In the fight for brand alignment in Formula 1, it’s typically a duel between Rolex and Tag Heuer for pole position.

Tag Heuer might stake a claim for oldest association with motorsport, formerly-named ‘Heuer’ having cut its teeth on dash-mounted rally timers, but Rolex’s celebrity in racing – thanks to Sir Malcolm Campbell beating records at Daytona Beach in a Rolex Oyster, the subsequent vogue of Rolex’s Cosmograph Daytona and, of course, the even bigger fanaticism brought to the watch by actor and racer Paul Newman – has done a great deal to secure a podium spot for the Swiss house for the rest of eternity. “Everyone knows this watch is for the racing driver,” Button pushes.

It’s a status quo that endures across almost the full panoply of Formula 1’s many races. Certainly at more historical events, there’s reverence for Rolex’s cachet as the Official Timepiece of Formula 1. But though the coronet logo appears ubiquitously, and the Rolex Pit Lane Clock looms above every track, shifts in audience demographics and the aggressive uptick in America’s participation means that new orders are brewing.
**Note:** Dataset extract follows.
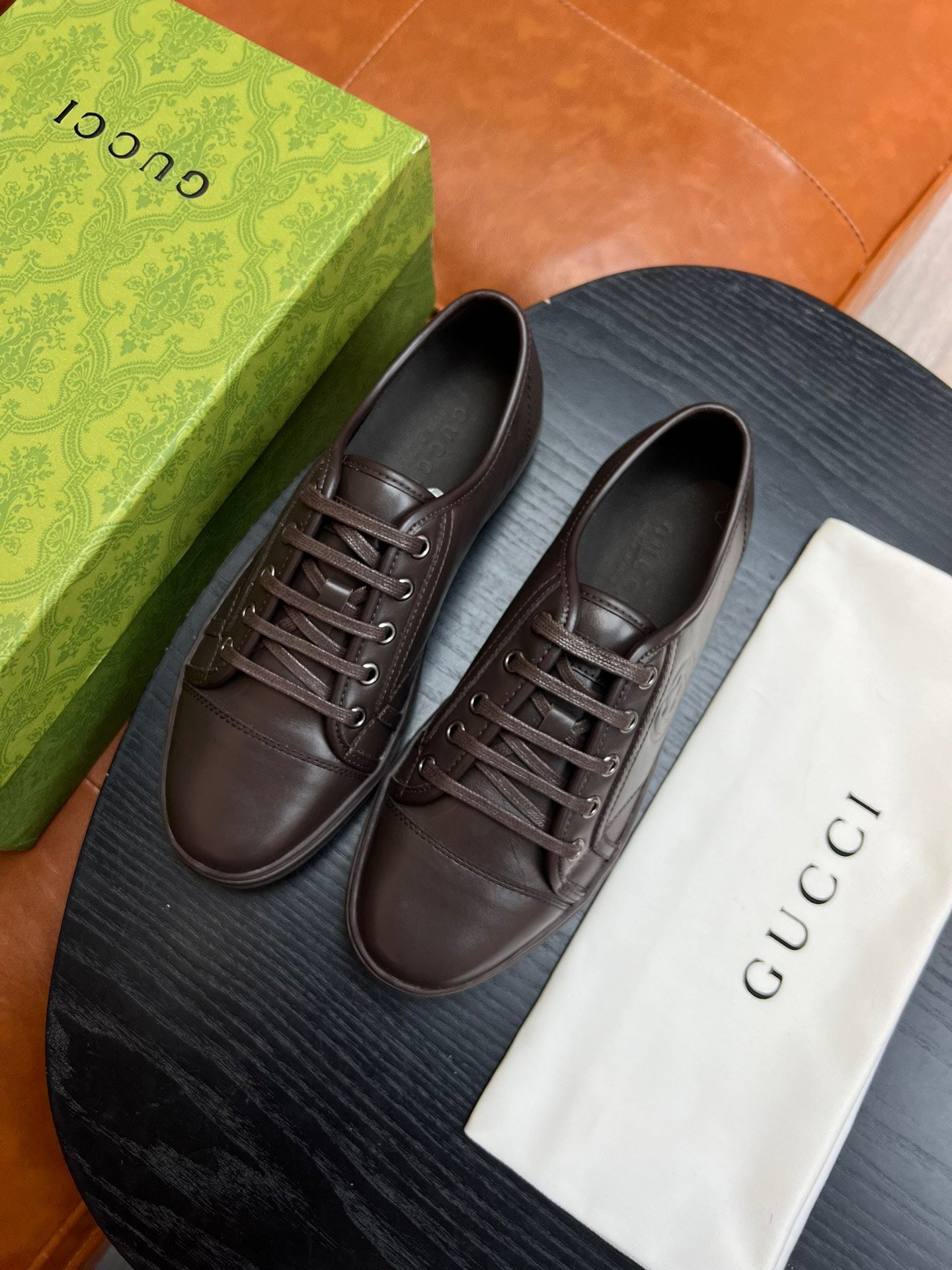 Zapatos marrones, blancos y negros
Formula 1 in 2024 is a very different beast to what it was even five years ago. Its evolution might easily be charted by comparing the oldest surviving race weekends to recent calendar inclusions. If not quite the most ancient, at least the most iconic, Monaco’s grand prix is a distillation of a century’s heritage and history. Attending is still a closely-guarded privilege, for yacht owners in Brunello Cuccinelli linen and Loro Piana loafers. The race’s trophy case is a time-honoured Vuitton trunk and the timepieces betray a subtler kind of generational wealth. It’s Flavio Briatore in a Rolex Daytona ‘Zenith’ or Patrick Dempsey in a Monaco Calibre 12. On the other end of the spectrum, the American additions to the schedule, in their relative infancy, are an open door for the influx of bright young things who have come to the sport via Netflix’s Drive to Survive or F1 owner Liberty Media’s recent social media strategy, who bring with them a taste for newness, ostentation and hypey collabs. If Monaco is for quiet luxury, then Miami is for out-and-proud horological bling.

Diehard racing fans might roll their eyes at Twitchers and TikTokers, but their effect on sport sponsorship has been profound. Nielsen recently tracked a 107% increase in sponsorship spending globally, linked to significant growth in non-traditional sectors like esports and, in the case of Formula 1 particularly, a 54% increase in American viewership and the lowering of the average spectator age to 32.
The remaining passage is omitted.